Bug 35883

Summary: Add support for text message delivery report
Product: Telepathy Reporter: Nicolas Dufresne <nicolas>
Component: loggerAssignee: Telepathy bugs list <telepathy-bugs>
Status: RESOLVED MOVED QA Contact: Telepathy bugs list <telepathy-bugs>
Severity: enhancement    
Priority: medium CC: david.laban
Version: git master   
Hardware: Other   
OS: All   
Whiteboard:
i915 platform: i915 features:
Bug Depends on: 35884    
Bug Blocks:    

Description Nicolas Dufresne 2011-04-01 12:52:12 UTC
The logger should support text message delivery report. Many feature can be added through that support.

Proper support for delivery report would enable the Logger to detect message echo that has been sent by other client store. Those echo are presented by a delivery report of a message that was not sent by current client. In that case, we would simply store a new message.

It would also enable the logger to provide a delivery status (if protocol supports delivery report). This way, people could see in the log viewer which message have been sent with success and ones that failed.

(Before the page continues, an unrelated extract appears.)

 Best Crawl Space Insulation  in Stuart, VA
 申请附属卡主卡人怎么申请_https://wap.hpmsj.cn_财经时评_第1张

While I do think it would be easier to implement on top of a SQL storage, there is a way to do it with the XML log store. Essentially, the delivery reports would be stored in a separate XML file. When parsing a date (messages are split into dates) the XML log store would first load the delivery reports and store them into a hash table. The for each message we would look into the delivery report hash table (using the message-token has key) and fill in proper delivery status the text event. For sure, this require adding the message-token into the TextEvent for log-store usage (will probably remain private). It is not as efficient as if we could edit the message events, but the overhead is not too excessive.

Note that delivery report support is currently missing in TpTextChannel class, having this support would be very helpful.

We would also need a short term delivery report cache in the SQLite database for the same reason we need one for pending messages, nicely handle logger or other component crash.
Comment 1 David Laban 2011-04-22 08:11:41 UTC
sketched out a skeleton test to see if I understand the desired api/behaviour correctly. Is at ssh://people.freedesktop.org/home/alsuren/telepathy-logger.git but will post a cgit link asap. Happy easter.
Comment 2 David Laban 2011-04-25 08:12:28 UTC
progress is at: http://cgit.freedesktop.org/~alsuren/telepathy-logger/log/?h=delivery-report

Things I've noticed during implementation so far:

http://telepathy.freedesktop.org/spec/Channel_Interface_Messages.html#Simple-Type:Protocol_Message_Token says that message-token is not guaranteed to be unique.

The hard use-case is:
* send SMS (a)
** text = hello
** message-token = 123
** timestamp = 1

* send SMS (b)
** text = goodbye
** message-token = 123
** timestamp = 2

* Receive delivery report for (a)
** message-token = 123
** timestamp = 3

* Receive delivery report for (b)
** message-token = 123
** timestamp = 4

The heuristic suggested in the spec for this case (colliding ids and no other information) is to assign the delivery report to the most recent message with that id. This would mean that SMS (a) would not be marked as acknowledged.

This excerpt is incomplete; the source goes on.